Adversary Dossier: Ryuk Ransomware Anatomy of an Attack in 2021
Updated: Dec 17, 2021
By Vitali Kremez, Al Calleo, Yelisey Boguslavskiy
Ryuk ransomware infections have been observed since late 2018. Ryuk actors are constantly evolving the TTPs used in Ryuk attributed campaigns. Some of the most notable targets of these campaigns have been hospitals, government entities, and large corporations. The Ryuk adversary group is widely considered to be one of the most successful and impactful targeting corporations and governments worldwide.
This report is an excerpt of the tactical report from the flagship Andariel platform produced by the subject matter expert team.
This report illustrates some of the new and existing Tactics, Techniques, and Procedures (TTPs) of the Ryuk ransomware variants that Advintel has witnessed throughout their investigations in 2021.

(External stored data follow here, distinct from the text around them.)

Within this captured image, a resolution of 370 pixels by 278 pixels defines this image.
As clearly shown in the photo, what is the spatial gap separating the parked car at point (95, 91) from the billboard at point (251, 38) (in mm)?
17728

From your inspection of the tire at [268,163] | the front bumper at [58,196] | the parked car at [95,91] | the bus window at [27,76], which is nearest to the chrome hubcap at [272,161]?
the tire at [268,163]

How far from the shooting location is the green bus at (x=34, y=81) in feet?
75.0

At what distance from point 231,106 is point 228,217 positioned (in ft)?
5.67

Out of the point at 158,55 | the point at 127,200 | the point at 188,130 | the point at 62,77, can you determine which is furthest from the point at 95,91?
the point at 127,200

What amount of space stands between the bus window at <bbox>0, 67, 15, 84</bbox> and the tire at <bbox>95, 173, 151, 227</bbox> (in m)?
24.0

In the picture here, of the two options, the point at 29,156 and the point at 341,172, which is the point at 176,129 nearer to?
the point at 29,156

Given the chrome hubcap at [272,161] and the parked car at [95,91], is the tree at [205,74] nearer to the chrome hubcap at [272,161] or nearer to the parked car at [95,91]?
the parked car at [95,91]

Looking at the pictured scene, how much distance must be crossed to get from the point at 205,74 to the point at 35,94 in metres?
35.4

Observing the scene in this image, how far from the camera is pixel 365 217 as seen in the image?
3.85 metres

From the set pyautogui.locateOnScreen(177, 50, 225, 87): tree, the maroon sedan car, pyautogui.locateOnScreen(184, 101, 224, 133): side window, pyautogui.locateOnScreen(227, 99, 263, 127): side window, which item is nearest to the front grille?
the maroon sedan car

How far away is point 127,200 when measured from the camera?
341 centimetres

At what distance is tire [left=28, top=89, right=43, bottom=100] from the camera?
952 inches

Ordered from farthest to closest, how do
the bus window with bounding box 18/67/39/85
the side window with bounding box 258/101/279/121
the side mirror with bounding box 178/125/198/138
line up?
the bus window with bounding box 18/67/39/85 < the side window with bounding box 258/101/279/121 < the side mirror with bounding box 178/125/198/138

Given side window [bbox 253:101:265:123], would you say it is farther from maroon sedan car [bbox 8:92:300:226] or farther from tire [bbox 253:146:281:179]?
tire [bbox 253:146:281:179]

Initial Attack Vector: RDP Brute Force / Other Means of Initial Attack Vector
Ryuk operators gain initial access to a network most often through two methods in 2021.
Service-Based RDP Compromise
Botnet-Based Malware Delivery
Advintel has noticed an overall increase of RDP compromise as the initial infection vector across Ryuk-attributed attacks. Threat actors have been observed in the wild employing large-scale brute force and password spraying attacks against exposed RDP-hosts to compromise user credentials.

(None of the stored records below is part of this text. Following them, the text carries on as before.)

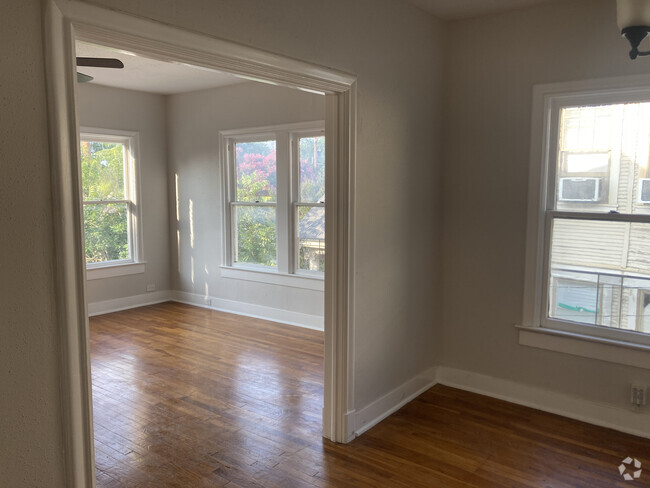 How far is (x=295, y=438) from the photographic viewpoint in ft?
10.4

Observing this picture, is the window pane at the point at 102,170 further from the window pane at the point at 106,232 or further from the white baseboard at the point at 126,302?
the white baseboard at the point at 126,302

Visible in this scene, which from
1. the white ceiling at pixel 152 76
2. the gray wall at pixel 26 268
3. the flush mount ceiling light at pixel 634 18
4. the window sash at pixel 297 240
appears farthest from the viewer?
the window sash at pixel 297 240

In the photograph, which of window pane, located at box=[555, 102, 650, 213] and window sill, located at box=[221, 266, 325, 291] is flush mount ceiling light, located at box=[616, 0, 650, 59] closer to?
window pane, located at box=[555, 102, 650, 213]

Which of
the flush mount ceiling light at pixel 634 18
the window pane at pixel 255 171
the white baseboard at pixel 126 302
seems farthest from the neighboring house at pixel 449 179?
the white baseboard at pixel 126 302

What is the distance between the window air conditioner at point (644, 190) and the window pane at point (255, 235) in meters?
3.67

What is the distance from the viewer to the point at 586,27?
323 centimetres

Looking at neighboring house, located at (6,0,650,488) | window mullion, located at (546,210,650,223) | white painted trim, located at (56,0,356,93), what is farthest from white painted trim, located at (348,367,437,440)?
white painted trim, located at (56,0,356,93)

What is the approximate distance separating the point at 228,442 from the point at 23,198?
2008 mm

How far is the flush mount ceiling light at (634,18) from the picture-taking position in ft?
7.55

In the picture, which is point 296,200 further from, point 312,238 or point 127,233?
point 127,233

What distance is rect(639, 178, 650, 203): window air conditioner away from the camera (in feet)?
10.4

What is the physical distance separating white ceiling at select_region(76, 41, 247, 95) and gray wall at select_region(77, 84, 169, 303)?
7.0 inches

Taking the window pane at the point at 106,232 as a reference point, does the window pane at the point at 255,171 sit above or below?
above

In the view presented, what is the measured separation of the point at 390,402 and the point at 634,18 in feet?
8.38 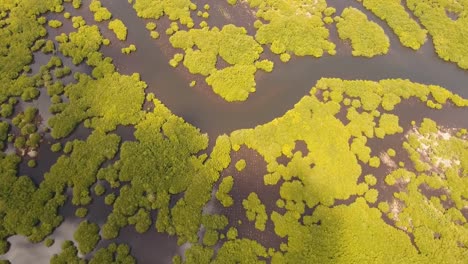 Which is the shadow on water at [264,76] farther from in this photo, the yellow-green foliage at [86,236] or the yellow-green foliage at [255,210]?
the yellow-green foliage at [86,236]

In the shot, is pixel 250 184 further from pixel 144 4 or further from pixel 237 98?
pixel 144 4

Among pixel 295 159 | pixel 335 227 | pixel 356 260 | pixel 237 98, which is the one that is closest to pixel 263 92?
pixel 237 98

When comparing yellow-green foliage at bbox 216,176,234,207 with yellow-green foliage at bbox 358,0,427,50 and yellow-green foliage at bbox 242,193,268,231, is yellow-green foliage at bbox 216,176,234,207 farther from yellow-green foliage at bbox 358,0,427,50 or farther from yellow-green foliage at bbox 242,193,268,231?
yellow-green foliage at bbox 358,0,427,50

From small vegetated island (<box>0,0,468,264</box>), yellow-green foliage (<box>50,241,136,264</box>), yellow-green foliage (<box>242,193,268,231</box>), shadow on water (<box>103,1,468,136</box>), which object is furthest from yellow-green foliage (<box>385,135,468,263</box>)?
yellow-green foliage (<box>50,241,136,264</box>)

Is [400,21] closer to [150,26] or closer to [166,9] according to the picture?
[166,9]

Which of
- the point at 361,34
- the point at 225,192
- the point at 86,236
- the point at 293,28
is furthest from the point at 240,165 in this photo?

Targeted phishing emails coupled with the support service center calls such as "BazaCall" have also been observed as an initial infection vector in many Ryuk-attributed attacks. This weaponized document will have instructions that tell the user to “enable content” which will activate a macro and enable the document to download a malicious payload through a PowerShell script that is executed through a command prompt.
Figure 1. Ryuk Kill chain. (Source: Advintel)

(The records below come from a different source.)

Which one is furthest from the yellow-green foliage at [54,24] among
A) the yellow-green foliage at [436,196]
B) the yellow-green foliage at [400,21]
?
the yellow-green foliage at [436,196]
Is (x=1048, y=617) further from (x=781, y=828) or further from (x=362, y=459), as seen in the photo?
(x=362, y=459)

Reconnaissance I: Victim Value Local Reconnaissance Stage
Once a foothold has been established Ryuk operators will attempt to enumerate domain trusts such as local domains, network shares, users, and Active Directory Organization Units. During this stage, the actors attempt to gather information about the organization to determine what resources within the infected domain are of value to perpetrating the rest of the attack. Bloodhound and AdFind have become popular tools used by actors trying to enumerate active directory information within an infected domain.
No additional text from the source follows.